Usually, the city just closes the sidewalk and tells people to use the other side (leading people to walk in the street or bike lane to get around the construction), but there is no sidewalk on the other side of the road in this case. So instead the city and Out for Sustainability demonstrated the proper way to handle a bicycle facility detour, much like how it is done in Copenhagen where cyclists’ safety is preserved and prioritized during road work.
If we want people to embrace cycling as a safe and easy way to get around town, people need to be able to trust that their route will be safe from beginning to end. Too often in Seattle, people biking are left out of the construction equation. Bike lanes disappear and people are forced to ride in the general traffic lanes over all kinds of chewed up road surfaces. This is not an inviting experience for people new to biking. While people driving are asked to sacrifice their time as they crawl through a construction zone, people biking are often asked to sacrifice their safety.
As the number of people cycling in Seattle continues to grow, so does the need to make sure our standard construction mitigation steps protect people cycling.
Thanks Tom. Excellent comments on keeping people who walk and bike in mind during all street repairs and improvements.
Now if we can just open those extra walk/bike lanes permanently on Westlake …
Pingback: Now THIS is how you make a good biking and … – Seattle Bike Blog | Bicycle News
Second! I encountered this on Sunday, as well, while pushing kegs from SODO to Green lake (http://www.havegrowlerwilltravel.com/tag/keg-haul/).
This should be mandatory for all construction projects (including private ones): if cars can drive it, pedestrians (including wheelchairs) and bikes should be able to get through safely, as well. If this can’t happen, close the street to cars, or close it altogether.
You know you could have hauled those growlers on a trailer with a cargo bike. … Yes coming down a hill you would want to go really really slow… but seriously it would be easier on the flats than walking.
First off, this weren’t no growler, it was two 160-pound full-sized kegs.
Also, a (smaller) keg from Gig Harbor was transported using a bike-trailer. With sufficient gearage, you could probably move the 160lb keg, assuming the bike-trailer remained structurally solid.
I guess a tandem bike can clearly support two adults, so it could support 1 adult + 1 keg, but you’d probably want to mount it lower.
A far cry better than the current nightmare that is the West Seattle to downtown bike commute via Alaskan Way.
The detour on Alaska Way is pathetic. But I can live with it.
There are pictures on the flickr page of my bikesatwork trailer hauling full size kegs. It works pretty well with my kona; I can’t emphasize enough how important disc (vs. v-pull) brakes are for tackling hills with these kinds of loads, as well as of course proper trailering techniques (you can lift the tongue off the ground if the keg is too far back; too far forward of the axles and you can cause too much tread wear/ flat your rear tire/break spokes).
Great post. This is a real pet peeve of mine in Seattle.
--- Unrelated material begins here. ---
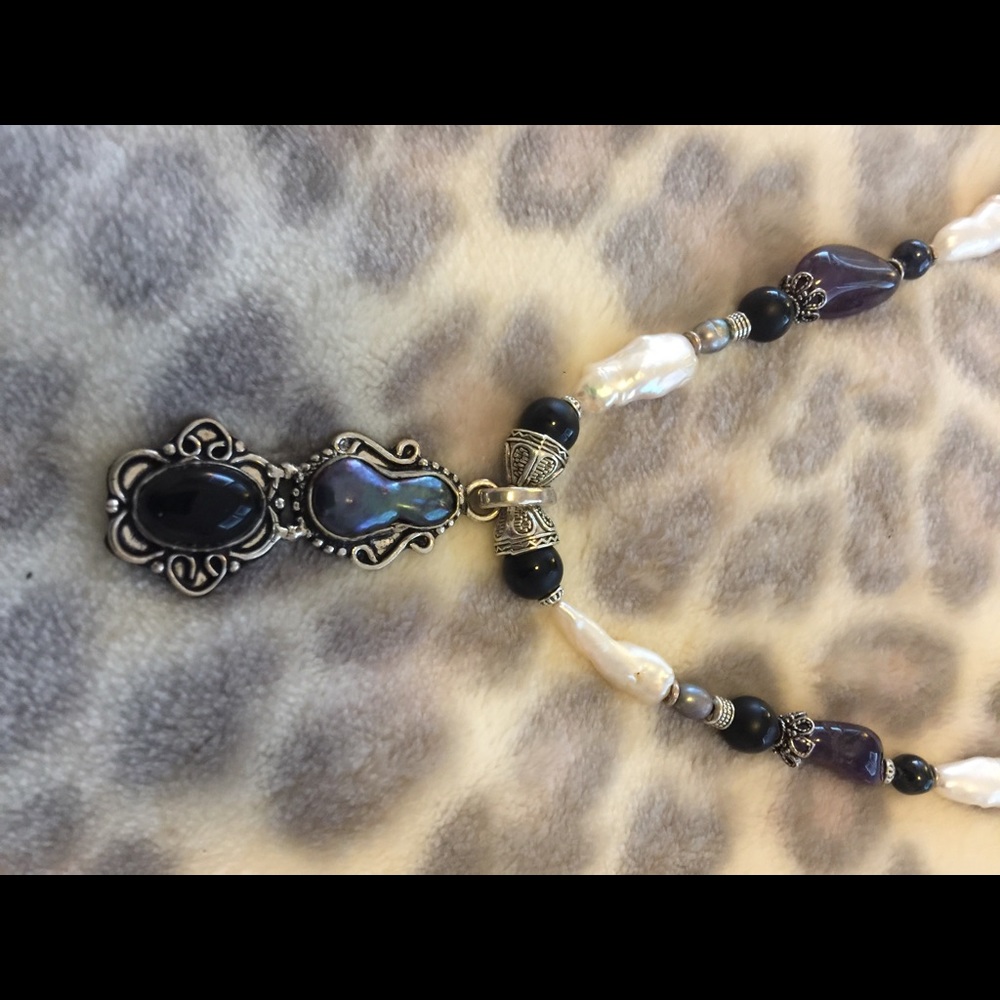 Onyx freshwater pearl and amethyst necklace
Cyclists and walkers are almost never prioritized or even adequately accomodated during construction. The various detour routes through the South Lake Union/ Mercer construction are a great example. The Fremont Bridge area construction wasn’t much better a couple of years ago.
The usual approach is the routes keep changing, and they often involve trying to interpret inadequate signage to sneak through too narrow, cobbled together “off road” combinations of sidewalk and ripped up street. Oh, and then in SL Union, there are the streetcar tracks to somehow get across too! Anyway, thanks for pointing out the right way to do it.